SelimaC / large-scale-sparse-neural-networks

11 stars 1 forks source link

cifar10: ValueError: could not interpret dimensions #4

Open dsmic opened 2 years ago

dsmic commented 2 years ago

With fashionmnist everything is fine, with cifar10:

python parallel_training.py --dataset cifar10 Using TensorFlow backend. 0000:00:01.177 P 0:-:- [INFO] Model creation time: 0.15073871612548828 0000:00:01.178 S 0:-:- [INFO] beginning epoch 1 Traceback (most recent call last): File "parallel_training.py", line 235, in histories = manager.process.train() File "/home/detlef/tmp/large-scale-sparse-neural-networks/wasap_sgd/mpi/single_process.py", line 36, in train self.update = self.model.train_on_batch(x=batch[0], y=batch[1]) File "/home/detlef/tmp/large-scale-sparse-neural-networks/wasap_sgd/train/model.py", line 330, in train_on_batch z, a, masks = self._feed_forward(x, True) File "/home/detlef/tmp/large-scale-sparse-neural-networks/wasap_sgd/train/model.py", line 221, in _feed_forward z[i + 1] = a[i] @ self.w[i] + self.b[i] File "/home/detlef/anaconda3/envs/tf/lib/python3.7/site-packages/scipy/sparse/base.py", line 566, in rmatmul return self.rmul(other) File "/home/detlef/anaconda3/envs/tf/lib/python3.7/site-packages/scipy/sparse/base.py", line 550, in rmul return (self.transpose() * tr).transpose() File "/home/detlef/anaconda3/envs/tf/lib/python3.7/site-packages/scipy/sparse/base.py", line 526, in mul raise ValueError('could not interpret dimensions') ValueError: could not interpret dimensions

Any help would be great :)

dsmic commented 2 years ago

Just in case somebody also has this problem, datasets have to be reshaped

def load_mnist_data(n_training_samples, n_testing_samples):

    # read CIFAR10 data
    (x, y), (x_test, y_test) = mnist.load_data()

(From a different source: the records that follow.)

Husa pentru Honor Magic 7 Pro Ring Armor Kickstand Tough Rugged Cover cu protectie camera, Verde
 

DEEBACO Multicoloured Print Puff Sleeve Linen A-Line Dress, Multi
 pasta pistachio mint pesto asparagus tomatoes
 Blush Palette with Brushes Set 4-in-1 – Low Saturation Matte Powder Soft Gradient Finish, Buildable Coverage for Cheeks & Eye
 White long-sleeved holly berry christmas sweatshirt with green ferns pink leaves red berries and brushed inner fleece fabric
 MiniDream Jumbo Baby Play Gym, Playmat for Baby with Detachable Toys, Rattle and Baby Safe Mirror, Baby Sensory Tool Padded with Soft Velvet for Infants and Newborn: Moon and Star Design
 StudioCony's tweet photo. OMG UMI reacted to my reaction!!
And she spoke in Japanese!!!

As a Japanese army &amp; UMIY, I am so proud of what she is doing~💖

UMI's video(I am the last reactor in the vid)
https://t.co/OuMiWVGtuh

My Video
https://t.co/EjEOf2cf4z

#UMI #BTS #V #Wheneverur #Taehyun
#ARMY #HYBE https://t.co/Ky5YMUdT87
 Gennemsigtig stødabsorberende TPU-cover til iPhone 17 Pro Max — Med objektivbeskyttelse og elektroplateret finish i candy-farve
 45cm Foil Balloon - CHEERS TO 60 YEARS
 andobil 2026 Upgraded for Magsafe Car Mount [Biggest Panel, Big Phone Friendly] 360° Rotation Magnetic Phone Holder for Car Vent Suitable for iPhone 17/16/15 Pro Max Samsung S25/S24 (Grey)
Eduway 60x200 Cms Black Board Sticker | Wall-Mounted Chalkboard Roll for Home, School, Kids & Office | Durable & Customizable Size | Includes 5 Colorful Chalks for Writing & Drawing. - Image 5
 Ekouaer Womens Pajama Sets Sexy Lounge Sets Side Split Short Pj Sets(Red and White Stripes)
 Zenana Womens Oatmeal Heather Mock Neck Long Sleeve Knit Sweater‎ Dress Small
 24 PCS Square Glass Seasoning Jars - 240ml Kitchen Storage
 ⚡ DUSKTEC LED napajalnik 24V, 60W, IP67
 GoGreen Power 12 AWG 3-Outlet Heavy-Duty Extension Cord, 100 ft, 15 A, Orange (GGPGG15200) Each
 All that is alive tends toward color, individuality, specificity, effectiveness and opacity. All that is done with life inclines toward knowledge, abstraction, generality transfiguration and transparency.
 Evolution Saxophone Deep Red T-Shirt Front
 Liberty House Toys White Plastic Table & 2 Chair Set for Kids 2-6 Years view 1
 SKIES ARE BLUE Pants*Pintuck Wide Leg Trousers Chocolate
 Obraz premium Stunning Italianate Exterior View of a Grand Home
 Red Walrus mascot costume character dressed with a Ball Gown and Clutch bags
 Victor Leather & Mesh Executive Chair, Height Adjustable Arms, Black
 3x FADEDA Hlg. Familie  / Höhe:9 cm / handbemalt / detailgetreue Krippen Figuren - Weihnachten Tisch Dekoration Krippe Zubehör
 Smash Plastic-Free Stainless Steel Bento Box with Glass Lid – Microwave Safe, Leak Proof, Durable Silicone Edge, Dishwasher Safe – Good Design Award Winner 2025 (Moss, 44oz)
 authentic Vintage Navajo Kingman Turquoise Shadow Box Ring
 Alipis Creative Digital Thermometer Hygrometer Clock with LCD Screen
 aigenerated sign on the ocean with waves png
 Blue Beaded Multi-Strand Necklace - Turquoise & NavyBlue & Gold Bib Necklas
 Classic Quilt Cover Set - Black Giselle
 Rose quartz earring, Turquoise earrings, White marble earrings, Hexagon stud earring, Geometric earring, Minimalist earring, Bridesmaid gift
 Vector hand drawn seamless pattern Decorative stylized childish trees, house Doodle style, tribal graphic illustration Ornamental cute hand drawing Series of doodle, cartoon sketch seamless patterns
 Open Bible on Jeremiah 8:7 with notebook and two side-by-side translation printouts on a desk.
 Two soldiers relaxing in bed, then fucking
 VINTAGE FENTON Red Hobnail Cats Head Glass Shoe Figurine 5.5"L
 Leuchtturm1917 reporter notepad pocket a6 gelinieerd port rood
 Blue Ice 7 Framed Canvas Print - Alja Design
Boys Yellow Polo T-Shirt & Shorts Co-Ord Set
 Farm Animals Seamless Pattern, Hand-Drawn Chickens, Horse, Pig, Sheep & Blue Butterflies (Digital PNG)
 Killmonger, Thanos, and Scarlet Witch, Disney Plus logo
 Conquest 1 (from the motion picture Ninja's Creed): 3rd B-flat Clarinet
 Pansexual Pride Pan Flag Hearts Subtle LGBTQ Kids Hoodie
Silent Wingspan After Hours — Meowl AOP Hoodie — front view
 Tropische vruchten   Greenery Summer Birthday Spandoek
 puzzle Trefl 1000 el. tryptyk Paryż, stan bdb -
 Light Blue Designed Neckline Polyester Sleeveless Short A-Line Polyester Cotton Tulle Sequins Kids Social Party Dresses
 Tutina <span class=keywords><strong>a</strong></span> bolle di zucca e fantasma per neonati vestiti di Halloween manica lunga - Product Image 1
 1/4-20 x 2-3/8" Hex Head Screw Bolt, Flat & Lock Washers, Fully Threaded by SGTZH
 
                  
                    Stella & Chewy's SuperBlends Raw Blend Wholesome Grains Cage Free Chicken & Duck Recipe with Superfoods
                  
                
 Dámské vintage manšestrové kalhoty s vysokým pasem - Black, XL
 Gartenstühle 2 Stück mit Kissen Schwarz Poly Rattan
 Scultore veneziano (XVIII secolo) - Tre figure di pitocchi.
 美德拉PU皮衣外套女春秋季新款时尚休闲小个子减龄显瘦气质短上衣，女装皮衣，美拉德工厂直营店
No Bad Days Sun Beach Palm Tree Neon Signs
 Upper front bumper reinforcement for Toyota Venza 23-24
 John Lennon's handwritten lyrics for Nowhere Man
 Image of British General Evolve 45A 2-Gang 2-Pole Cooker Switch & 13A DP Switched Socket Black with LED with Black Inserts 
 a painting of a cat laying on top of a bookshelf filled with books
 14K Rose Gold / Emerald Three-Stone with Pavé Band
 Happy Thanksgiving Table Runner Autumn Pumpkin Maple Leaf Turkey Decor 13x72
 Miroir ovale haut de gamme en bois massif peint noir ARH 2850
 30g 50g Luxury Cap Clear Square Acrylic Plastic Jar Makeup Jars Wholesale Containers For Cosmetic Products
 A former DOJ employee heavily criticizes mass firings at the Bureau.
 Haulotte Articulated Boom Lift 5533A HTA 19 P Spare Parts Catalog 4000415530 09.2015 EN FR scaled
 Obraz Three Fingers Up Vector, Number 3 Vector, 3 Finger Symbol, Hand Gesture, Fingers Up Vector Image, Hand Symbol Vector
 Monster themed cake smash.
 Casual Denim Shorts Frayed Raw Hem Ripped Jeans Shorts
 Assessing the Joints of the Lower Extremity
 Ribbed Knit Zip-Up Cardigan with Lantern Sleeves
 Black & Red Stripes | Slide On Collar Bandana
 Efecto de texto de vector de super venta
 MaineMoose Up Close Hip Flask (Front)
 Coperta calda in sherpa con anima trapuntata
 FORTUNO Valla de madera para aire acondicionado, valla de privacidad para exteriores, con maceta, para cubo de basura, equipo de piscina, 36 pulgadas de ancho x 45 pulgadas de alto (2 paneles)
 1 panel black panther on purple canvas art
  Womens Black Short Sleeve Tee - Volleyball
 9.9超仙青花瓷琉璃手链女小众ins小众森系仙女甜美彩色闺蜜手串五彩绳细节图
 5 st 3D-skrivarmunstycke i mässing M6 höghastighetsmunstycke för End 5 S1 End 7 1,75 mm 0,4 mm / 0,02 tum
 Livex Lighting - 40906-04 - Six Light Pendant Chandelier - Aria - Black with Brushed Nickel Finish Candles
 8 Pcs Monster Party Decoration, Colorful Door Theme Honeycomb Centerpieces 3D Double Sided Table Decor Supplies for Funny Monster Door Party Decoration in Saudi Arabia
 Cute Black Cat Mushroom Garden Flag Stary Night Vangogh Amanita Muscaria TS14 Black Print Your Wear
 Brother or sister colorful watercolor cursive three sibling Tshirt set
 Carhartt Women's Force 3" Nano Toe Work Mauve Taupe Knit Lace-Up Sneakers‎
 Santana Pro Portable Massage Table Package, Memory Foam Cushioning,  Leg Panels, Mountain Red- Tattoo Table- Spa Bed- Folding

    y = np_utils.to_categorical(y, 10)
    y_test = np_utils.to_categorical(y_test, 10)
    x = x.astype('float32')
    x_test = x_test.astype('float32')

    index_train = np.arange(x.shape[0])
    np.random.shuffle(index_train)

    index_test = np.arange(x_test.shape[0])
    np.random.shuffle(index_test)

    x_train = x[index_train[0:n_training_samples], :]
    y_train = y[index_train[0:n_training_samples], :]

    x_test = x_test[index_test[0:n_testing_samples], :]
    y_test = y_test[index_test[0:n_testing_samples], :]

    # Normalize data
    x_train = x_train / 255.
    x_test = x_test / 255.
    x_train = x_train.astype('float32')
    x_test = x_test.astype('float32')
    y_test = y_test.astype('float32')
    y_train = y_train.astype('float32')
    x_train = x_train.reshape(-1,28*28)
    x_test = x_test.reshape(-1,28*28)

    return x_train, y_train, x_test, y_test

or the model can be fixed, which seems to run cifar10 as well

        for i in range(1, self.n_layers):
            a[i] = a[i].reshape(a[i].shape[0], -1)
            z[i + 1] = a[i] @ self.w[i] + self.b[i]
            a[i + 1] = self.activations[i + 1].activation(z[i + 1])